PROMPT> Word for word, transcribe the listing that follows, minus any pictures.

AVAILABLE DATA>
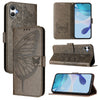 For Samsung Galaxy A06 4G / 5G Embossed Butterfly Leather Phone Case(Grey)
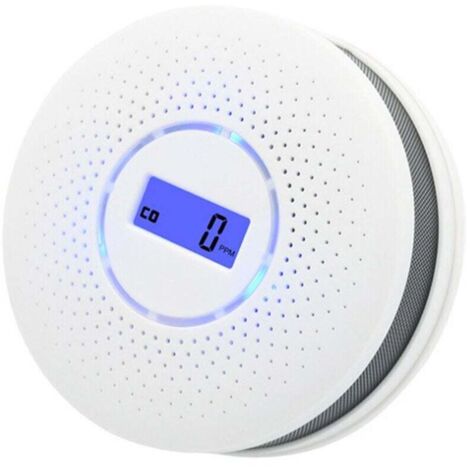Détecteur de fumée et CO alimenté par piles avec écran LCD et alarme vocale – 2 en 1, autonomie longue durée, conformité CE (1/4)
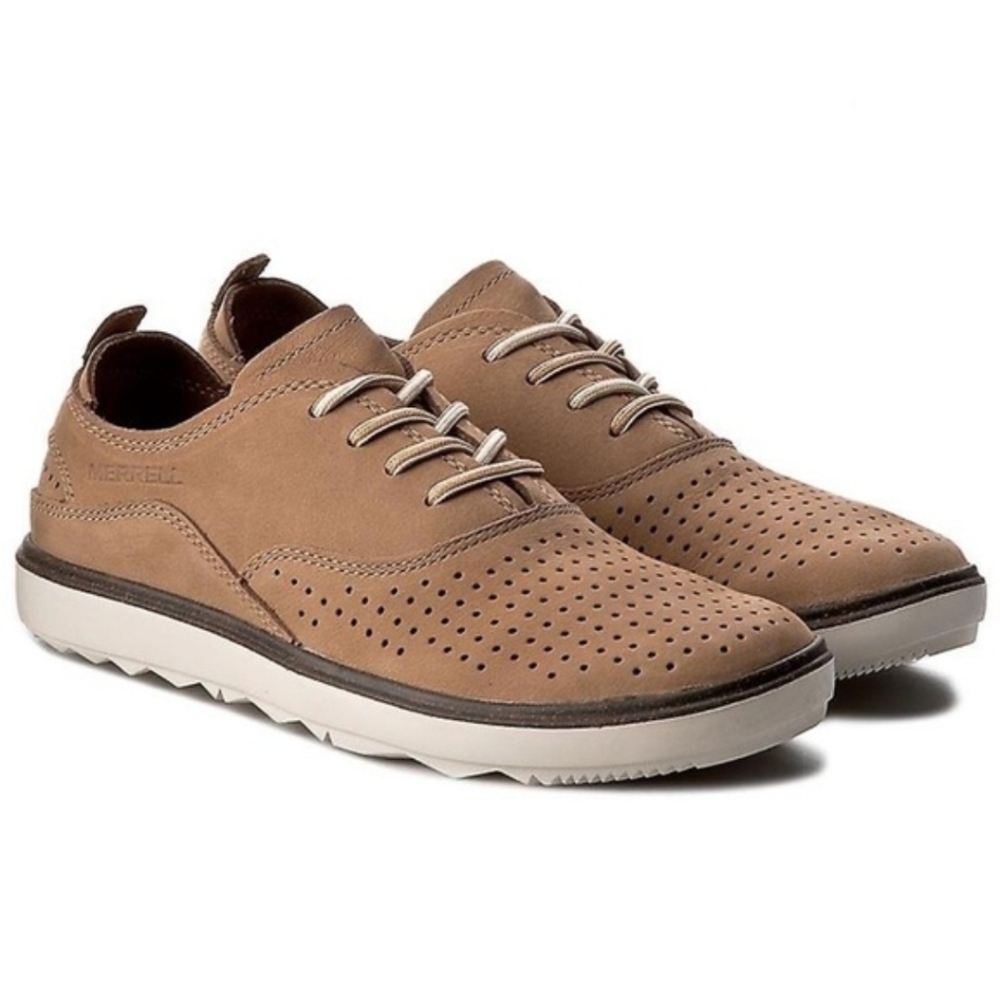 Merrell "Around Town Lace Air" Lace-Up Comfort Cork Shoes Tan | Women’s Size 7 - Picture 1 of 13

YOUR SOLUTION>
 For Samsung Galaxy A06 4G / 5G Embossed Butterfly Leather Phone Case(Grey)
Détecteur de fumée et CO alimenté par piles avec écran LCD et alarme vocale – 2 en 1, autonomie longue durée, conformité CE (1/4)
 Merrell "Around Town Lace Air" Lace-Up Comfort Cork Shoes Tan | Women’s Size 7 - Picture 1 of 13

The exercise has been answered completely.